Longstreet sipped her own tea. “I suppose you can tell I’m a bit passionate about this. And Obamacare might be helpful for people with jobs, but it does little for the homeless, for whom even a basic policy is far out of reach.”

Diana reached out, dipped the tip of her pinky finger in her tea, recoiled. “Who was Lazarus? I know, he’s in the bible somewhere, but I grew up outside church.”

Longstreet got up, knelt down under the hot plate where there was a minifridge, put a few ice cubes in a cup and handed it to Diana. “Your teeth?” she said as a grateful Diana poured the ice into her tea and nodded. “We see a lot of that, here. Don’t even get me started on why dental care is a separate issue from regular healthcare.”

“I’m with you, there,” said Diana. She sipped, smiled, swallowed. “So who was Lazarus?”

Longstreet flushed. “I didn’t make up the name, I swear. It was a former client, one now living on his own, who had been a minister before his… issues took control of him. Neither one of you knows the reference?”

Diana said, “My stepmother and I used to read lots of books of mythology together, so I recognized the name, but don’t remember the story.”

“Oh. It’s from the gospel of John. Lazarus was a local man who Jesus… brought back from the dead.” At their expressions, “Like I said, I didn’t make up the name.”

Claire goes by works, not faith nor spectacle. But at the same time, she’s allowing people to call her Jesus, which is generally regarded as a warning sign.

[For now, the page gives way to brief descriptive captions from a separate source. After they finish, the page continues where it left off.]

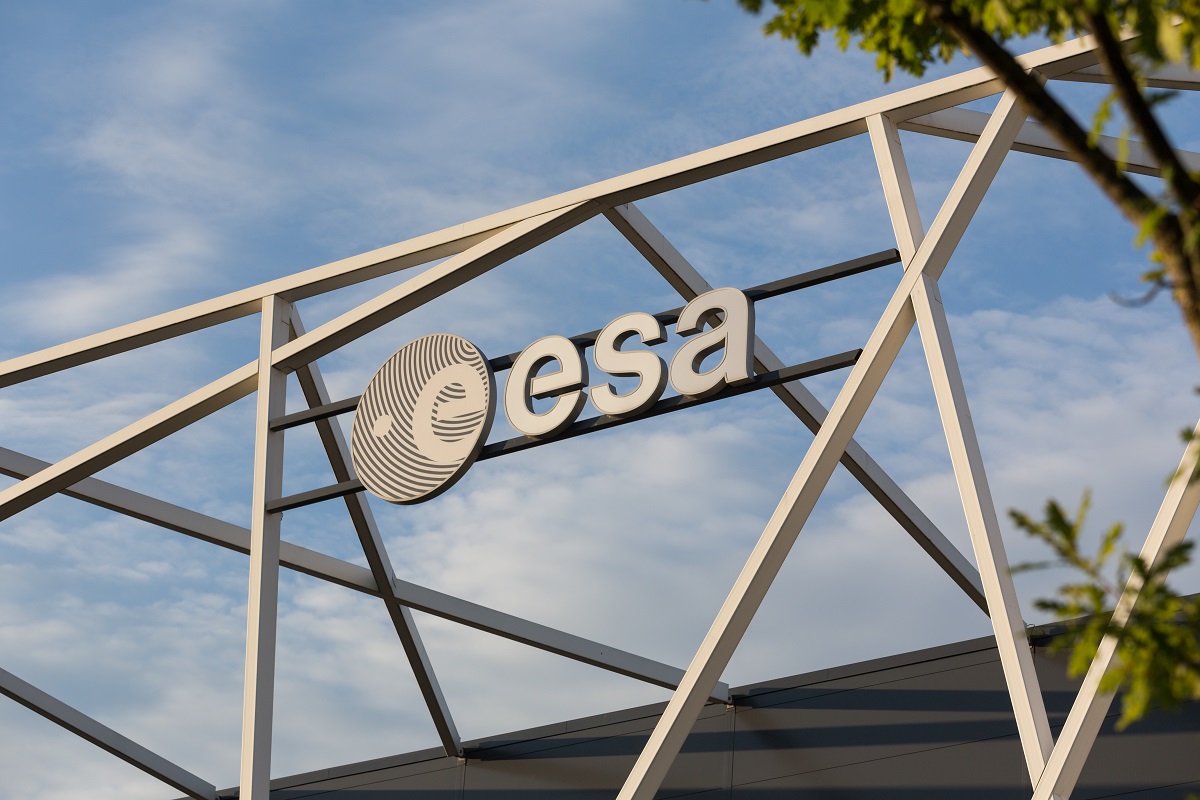 Ariel - ESA podpisała kontrakt na budowę europejskiego teleskopu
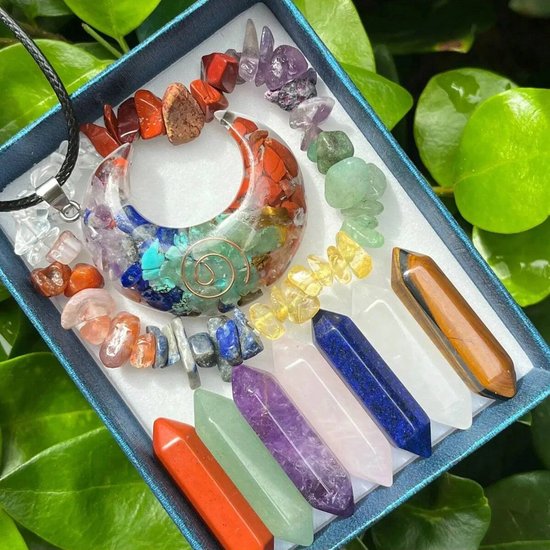 Set de 9 pierres et cristaux de guérison de chakra en cristal de quartz pointu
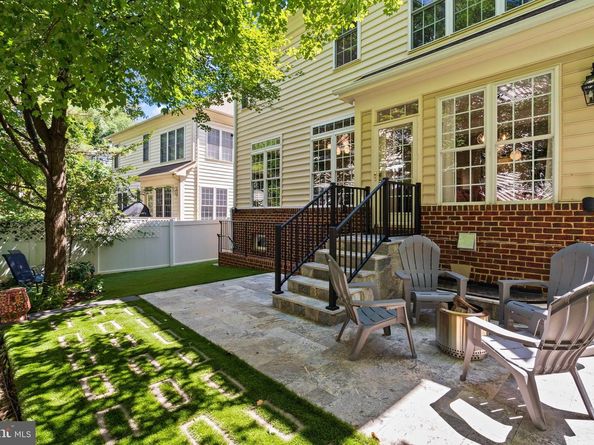 9210 Sycamore Crest Drive, Fairfax VA 22031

She understands that our medical system is the travesty that causes homelessness, but she’s providing unlicensed “pastoral” counseling instead of trained therapy. She’s a study in contradictions, which is intended: it renders her both more vivid and more relevant to the central plot. I’m setting her up to be a point of ambiguity, which remember “ambiguous” is right from the start one of our theme words.

In real life, I the author am pretty hostile to religion in general: it’s an authoritarian fairy tale. This makes it a challenge to portray people with faith without unconsciously slanting things negatively. But of course, there are tens of millions of people for whom their religion is a big net positive, even if I might think that overall religion hurts humanity. One of my favorites among my short stories is Bird of Paradise, which has decent, kind religious people at its heart.